Figure 1: View of the Tourist Information room for the island of Rhodes, Greece. On the left wall is the slide-show, in front a table, with the CDs and the CD player.
Another example is the CD player which was implemented to provide a metaphor for a slide-show accompanied with a voice-over of tourist information. These are some of the comments on the design:
"CD player is not obviously visible unless you are close to it, I find it very hard to read the CDs. I hardly can speak of a selection process; as user I just try, not clear what the choices are unless you get right in front + look down (too difficult to navigate such a move), only then can one read names of the CDs, It is not obvious to me that playing a CD would involve a slides show. When I activate a CD, I am expecting sound, not images. This is because the CD player looks like the audio CD player I have at home, not like a multimedia CD-ROM appliance, The option for playing a CD-ROM is not obvious. You come upon it when playing with the mouse. It actually comes as a surprise that a simple CD selection activates the player (not consistent with the usual behaviour of selections within the application). Risk for errors, Anyway, the show is fine. But once started, how do I stop this lady telling me about Rhodos? I cannot find a stop button."
An example of the need for guidance for the sequence of tasks is the lay-out of the main tourist information office room and the task-related or functional objects in it. The user first has to go through the door.
"Opening the door of the Meeting Room wasnt as easy as I thought. The door was slammed in my face for three times. And what a sound was accompaning it: for a moment I thought I was in Mickael Jacksons thriller! I think a user prefers that the doors opens after touched the handle and will place him in the middle of the next room."
Next, the user is expected to find the CD slideshow, but the table with the CDs and CD-player is not placed in a very prominent position. After having negotiated the CD slideshow the user is expected to take a virtual flight over the holiday destination by means of entering a teleporter, which is located in a corner of the room. However, again the object is not placed in a prominent position, and there is not a lot to guide the users interest towards this other main functional object in the room.
"It is not clear what the function of the teleporter is, unless you know what it is. The outside does not suggest anything about its functionality and Maybe a textual tag would help, e.g. "to virtual Rhodes". Or is it part of the fun to entertain mystery? Teleporter needs a label."

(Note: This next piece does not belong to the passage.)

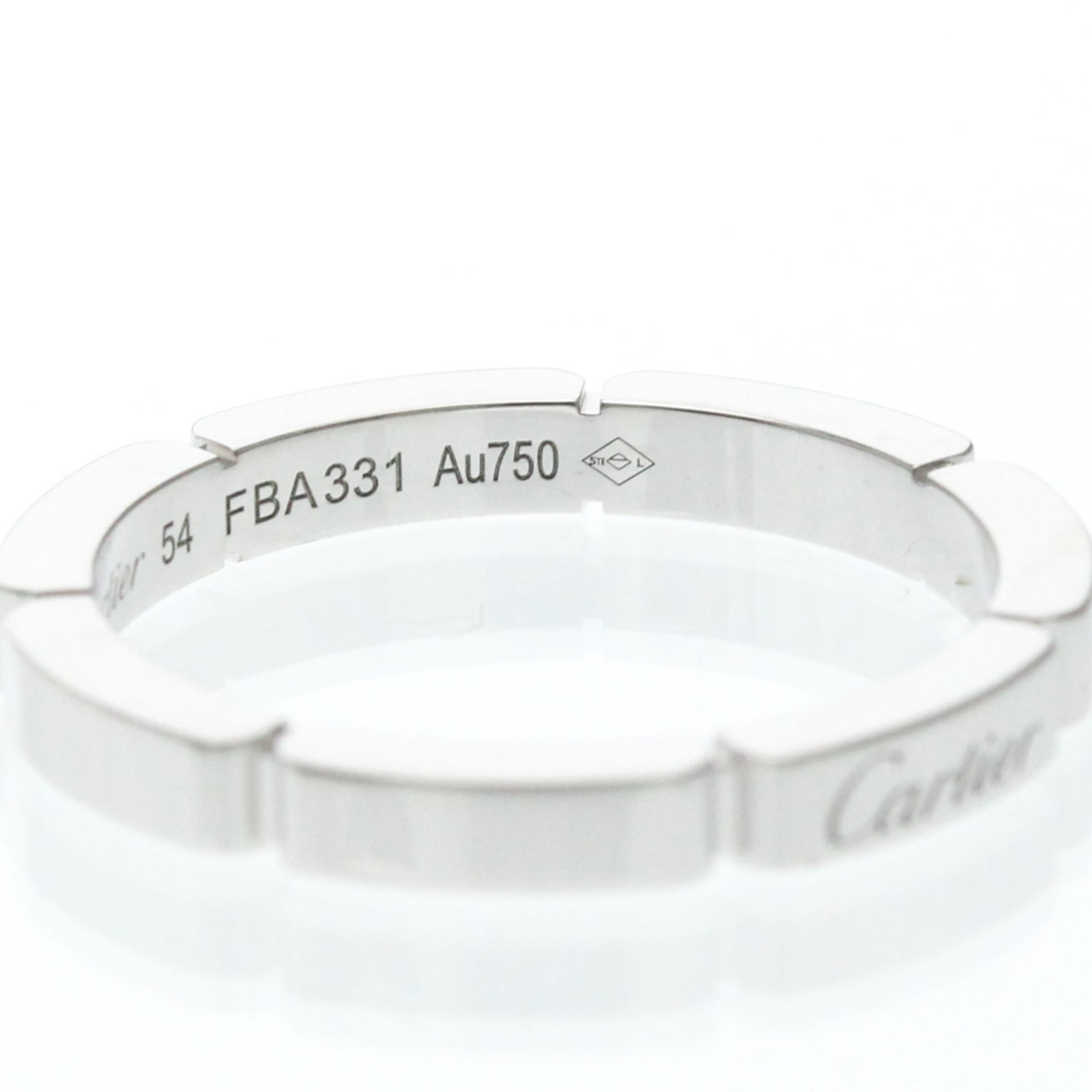 Gold White Ring Cartier Band - 5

Finally, one ends up with problems on the level of structure in the object interaction again:
"The controls for the teleporter are not obvious since they are unlabelled. Indeed one has to open the teleporter first before these controls become apparent."
The correct performance of actions and sequences of actions in the VE greatly relies on the design of the interface of the VE and its objects. User actions in VEs oscillate between user created story-lines (i.e. the successful performance of action sequences) and user interface struggles (i.e. the inability to perceive or perform the correct action, the absence of feedback, or both). So if we could support users by creating a (possible number of) storyline(s), as if we were creating a 3D, role-play like, storybook. Here we can learn from the art of exhibition design. Exhibitions are ideally regarded as a form of sculpture: "They are three-dimensional compositions which recognise the importance of solids and voids and strive for satisfactory spatial relationships." (Lawson, 1981).Indeed, Parent notes that using a storyboard alongside a requirements analysis is a good way to prepare and evaluate the design of a virtual exhibit (Parent, A., 1998).
Davenport et al (1991) maintain that increasingly, we will need to create multimedia systems that maintain a conversational mode of interaction with users by generating and tracking story frameworks. In browsing, user's personal goals and intentions may collide with the system's ability to foster coherent meaning; viewer comprehension tends to break down, therfore, when participants begin browsing. While this breakdown is often blamed on weaknesses in the navigational tools, it is more frequently reflects the lack of semantic representation that can support the limited look-ahead functions required to build meaningful interactions with the user. Increasingly, we will need to create multimedia systems that maintain a conversational mode of interaction with users by generating and tracking story frameworks.(Davenport, Aguirre Smith, Pincever, 1991, p. 68).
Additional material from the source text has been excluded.